Secondo Marco Scarpelli, General Manager di Innovo Agri, il 2026 emergerà come anno di crescita per il fotovoltaico, con annesse opportunità di sviluppo nel secondari permitting, nella gestione cantieri e, sicuramente, nella progettazione agricola. La progettazione agricola diventa più importante, spiega Scarpelli, sottolineando che, a pochi mesi dalla costituzione, l’azienda milanese sta supportando clienti per oltre 1 GW di progetti che preparano cantieri per i primi mesi del 2026. Nell’intervista a pv magazine Italia, Scarpelli parla di permitting secondario, di strategie progettuali, di Sardegna e Sicilia.
Molti progetti agrivoltaici che sono partiti nel 2021 e nel 2022 si avvicinano significativamente alla cantierizzazione. Alcuni sono già in costruzione. Cosa vuol dire per voi? E quanti progetti state “seguendo”? Perché questo interesse proprio ora?
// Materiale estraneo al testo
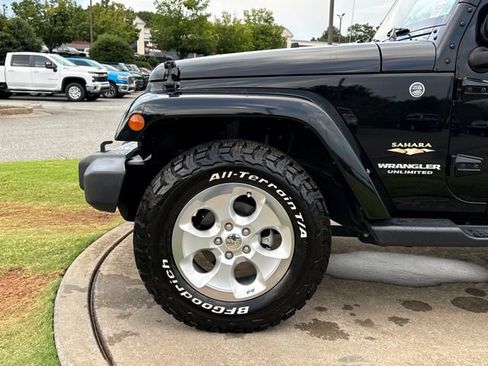Used 2015 Jeep Wrangler Unlimited Sahara w/ Connectivity Group AWD/4WD image 12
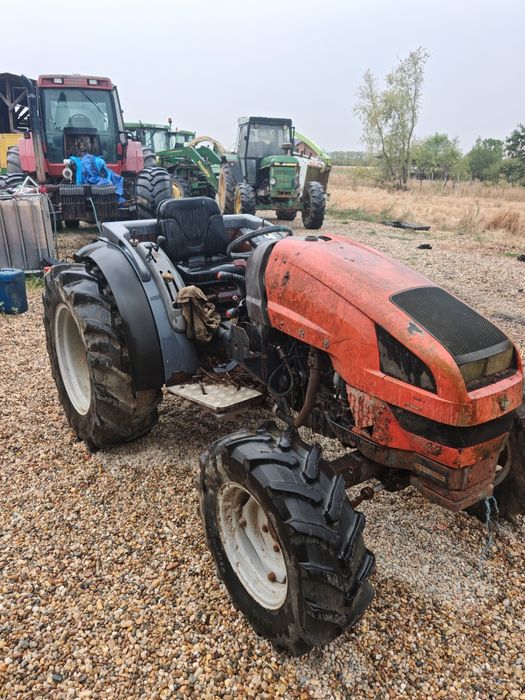 Tractoare defecte și scarificator 2.5 m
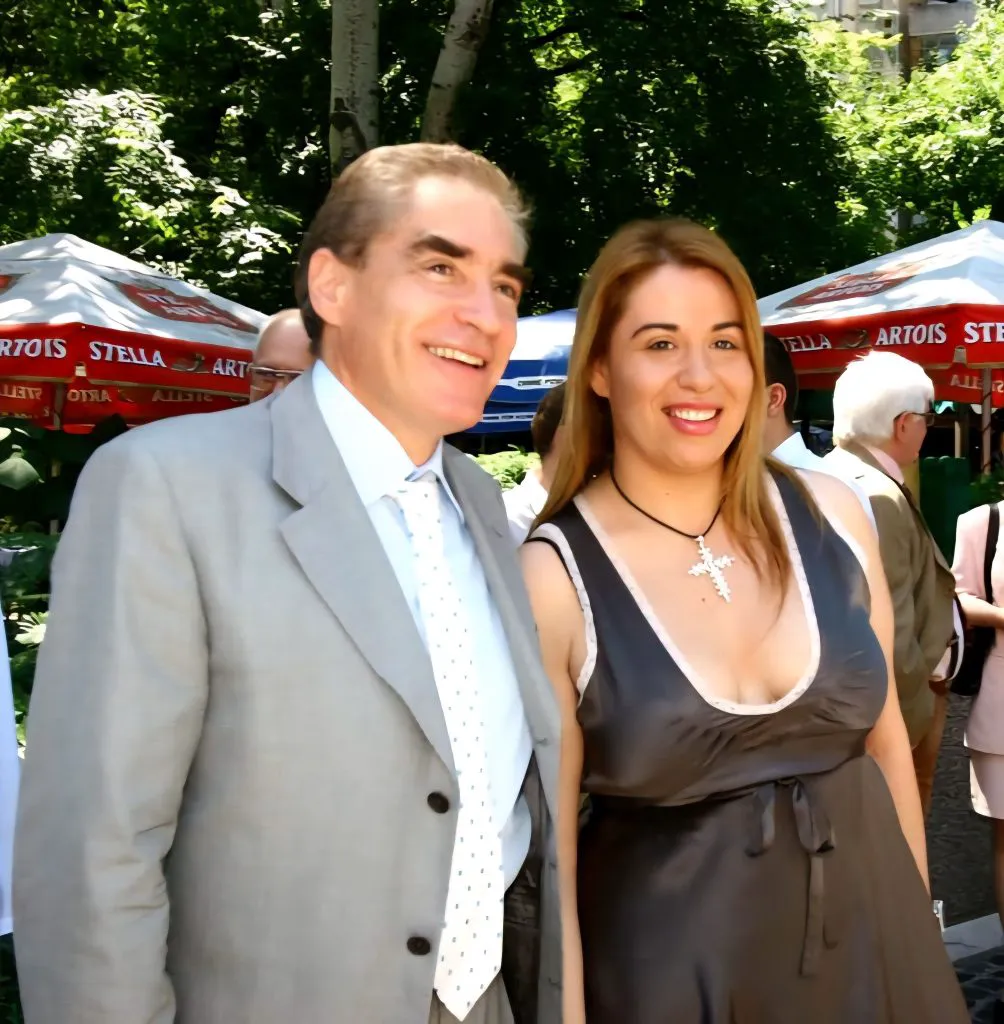 Oana Roman, mărturie incredibilă despre Petre Roman: „Ai fost la un pas de moarte...”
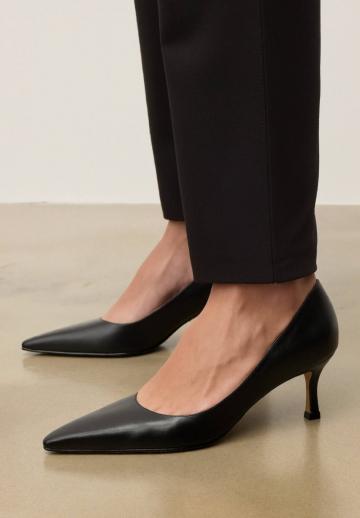 Туфли на высоком каблуке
Confermo, registriamo sicuramente questo trend, d’altra parte è fisiologico rispetto ai forti investimenti in sviluppo di nuovi progetti negli ultimi anni, dalla grid parity, e le forti evoluzioni del contesto legislativo degli ultimi anni. La nostra società – NT Innovo Agri – nasce in questo contesto di forte sviluppo del secondary permitting, per supportare gli investitori con servizi focalizzati alla componente agricola di queste nuove realizzazioni. Il nostro team ha infatti una grande specializzazione nella progettazione agronomica, che deriva da contesti precedenti all’opportunità dell’agrivoltaico. I nostri clienti ci chiedono supporto per la progettazione esecutiva, partendo da una validazione del progetto considerato nel suo insieme, dando attenzione alle esigenze dell’agricoltura. Curiamo anche la redazione di piani di monitoraggio esecutivi (considerando i parametri ex lege e le prescrizioni autorizzative) e procurement plan per integrare il “tipico” capitolato di costruzione. Riscuotiamo forte interesse di mercato, specie per la nostra capacità di intervento nei numerosi casi in cui la progettazione definitiva per il permitting ha lasciato aperto criticità connesse alle esigenze delle colture inserite in un contesto agrivoltaico. Alla prova dei fatti non è raro, in questo momento storico, che lo sponsor riscontri problemi o si renda conto di rischi che emergono dalla cantierizzazione di un impianto pensato con un’ottica troppo focalizzata sulla produzione elettrica. È noto che la norma richiesta non solo la coesistenza ma anche la sinergia tra produzione elettrica e fotovoltaica, il dialogo con il mondo agricolo (conduttori, installatori, etc.) che si instaura nella fasi di avvio lavori palesa queste criticità: i layout vanno talvolta ripensati per consentire le pratiche agricole, la preparazione del suolo e la gestione delle acque deve essere pensata a fondo, le colture vanno validate alla prova non solo della pedologia ma anche delle esigenze/opportunità del mercato locale e così via. A pochi mesi dalla nostra costituzione, stiamo supportando numerosi clienti, per oltre 1 GW di progetti che preparano cantieri per i primi mesi del 2026.
Quante offerte avete fatto? E quali saranno eventuali sviluppi che sbloccheranno la decisione dei potenziali clienti di investire e quindi firmare un contratto con voi?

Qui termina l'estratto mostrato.